Will OSU Students Get Psyched To Vote?

COLUMBUS -- With less than 8 hours to go before voters in 10 states hit the polls, as of late Monday night there was not that much Super in Super Tuesday. Super Tuesday I am in Ohio for a primary that the young people I've run into so far apparently don't care that much about. We won't know until later today if the four remaining Republican candidates -- Mitt Romney, Rick Santorum, Newt Gingrich and Ron Paul -- will be able to rouse the 18-29 voting bloc, but recent results aren't that promising.

In the recent Arizona Primary, six percent of eligible voters under 30 turned out to vote and in Michigan it was hardly better at seven percent. Not too hot.

But those are just stats. When you hit the ground, you get past the numbers and start talking to some of the folks who might help the candidates roll up those 419 delegates at stake on the biggest voting day of the year so far.

On the plane ride here Monday night I met soon-to-be-dentist David Neumann, 23. We talked dental school, how he got into better colleges than I did, and of course the biggest topic in Ohio: The Republican Primary.

"I didn't even know it was tomorrow," said Neumann. "I am involved. I follow what's going on. I just don't feel interested in that right now." But when I bring up Heat star LeBron James, who left David's hometown of Cleveland for Miami, his face lights up with fury. You can tell he's pissed.
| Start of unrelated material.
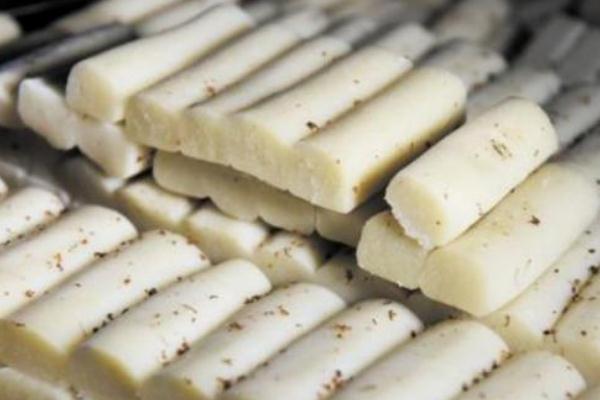 年糕要用水泡嗎 年糕要煮多久才熟 年糕要用水泡嗎 年糕要煮多久才熟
But the Primary?

"Feels like a lot of empty words," he told me when describing the entire election and the seemingly never-ending GOP battle to come up with a candidate to take on President Obama in the fall.

While waiting for my bags I met Shadi Yaabdi, who is now old enough to vote in the upcoming election.

"Super what?," she asked when I inquired whether she was planning on voting today. "Yeah, I don't care for that."